Le faire revenir, c'était tout. L'objet unique que sa vertu, sa piété, lui permettaient eut une prise extraordinaire. Plus mélancolique que jamais, sombrement amoureux et acharné à l'impossible, il ne la quittait plus. Trois longs tête-à-tête par jour ne suffisaient pas; il fallait encore écrire, et comme il se défiait de son talent, il faisait faire les billets doux par le jésuite Daubenton, son confesseur, qui les mettait sur sa toilette. Mais tout cela ne faisait rien. Elle était sèche et haute, le menait comme un nègre. À quatorze ans, elle ne rêvait qu'affaires, argent. Elle ne pensait pas encore à autre chose: en vain la des Ursins lui avait introduit un joli cavalier, neveu du duc de Savoie; elle n'y vit qu'un agent politique. Elle était vrai petit garçon, sans nulle pudeur de femme. Un jour qu'elle était mécontente de notre ambassadeur, elle entendit, à travers une porte, Louville qui le justifiait, et se précipita, en court jupon de toile, pour laver la tête à Louville. Elle allait ainsi le sein nu; madame des Ursins courait après, la cachait de la main. Mais elle ne s'en souciait guère.—Ses propos étaient effrénés.

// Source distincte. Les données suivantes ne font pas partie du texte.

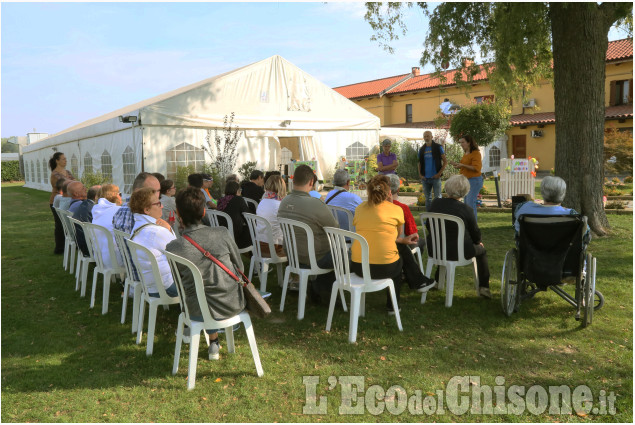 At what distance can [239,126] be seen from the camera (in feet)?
48.2

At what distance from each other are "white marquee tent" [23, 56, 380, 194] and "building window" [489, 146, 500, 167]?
1182 cm

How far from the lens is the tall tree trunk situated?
7.41m

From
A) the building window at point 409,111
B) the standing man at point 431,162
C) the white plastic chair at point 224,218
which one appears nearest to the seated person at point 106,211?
the white plastic chair at point 224,218

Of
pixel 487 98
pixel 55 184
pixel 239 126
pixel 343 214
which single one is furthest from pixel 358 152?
pixel 343 214

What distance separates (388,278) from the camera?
406 cm

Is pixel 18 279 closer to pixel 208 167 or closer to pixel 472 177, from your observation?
pixel 472 177

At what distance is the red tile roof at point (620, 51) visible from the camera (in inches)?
943

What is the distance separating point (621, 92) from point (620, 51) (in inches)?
81.7

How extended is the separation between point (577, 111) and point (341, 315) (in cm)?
550

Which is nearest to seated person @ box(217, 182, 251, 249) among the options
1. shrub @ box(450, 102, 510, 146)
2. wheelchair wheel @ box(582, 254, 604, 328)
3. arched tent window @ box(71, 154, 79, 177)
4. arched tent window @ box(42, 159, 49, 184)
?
wheelchair wheel @ box(582, 254, 604, 328)

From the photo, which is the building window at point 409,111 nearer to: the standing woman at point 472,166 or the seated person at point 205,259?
the standing woman at point 472,166

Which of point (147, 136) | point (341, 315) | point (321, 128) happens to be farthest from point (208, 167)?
point (341, 315)

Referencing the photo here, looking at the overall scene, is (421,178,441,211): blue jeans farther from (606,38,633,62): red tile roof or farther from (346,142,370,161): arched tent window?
(606,38,633,62): red tile roof

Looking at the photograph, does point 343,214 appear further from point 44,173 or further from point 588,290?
point 44,173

Témoin ce que, si jeune, elle contait à Louville de certaine duchesse qui, pour guérir son fils, maltraité de Vénus, avait imaginé de pulvériser des reliques et de les lui faire prendre en lavement.
Ce petit démon colérique, mené par celle que Fleury appelait «la plus méchante femme d'Europe,» accomplit, sur le pauvre prince, une séquestration telle qu'il n'y en a nul exemple que dans les procès de cours d'assises. Il ne vit plus ni notre ambassadeur, ni Louville, son ami d'enfance. Plus de promenades, encore moins de chasse, exercice dont il avait apporté l'habitude, le besoin absolu. Elle le tint assis et immobile. Même on lui défendit le jeu.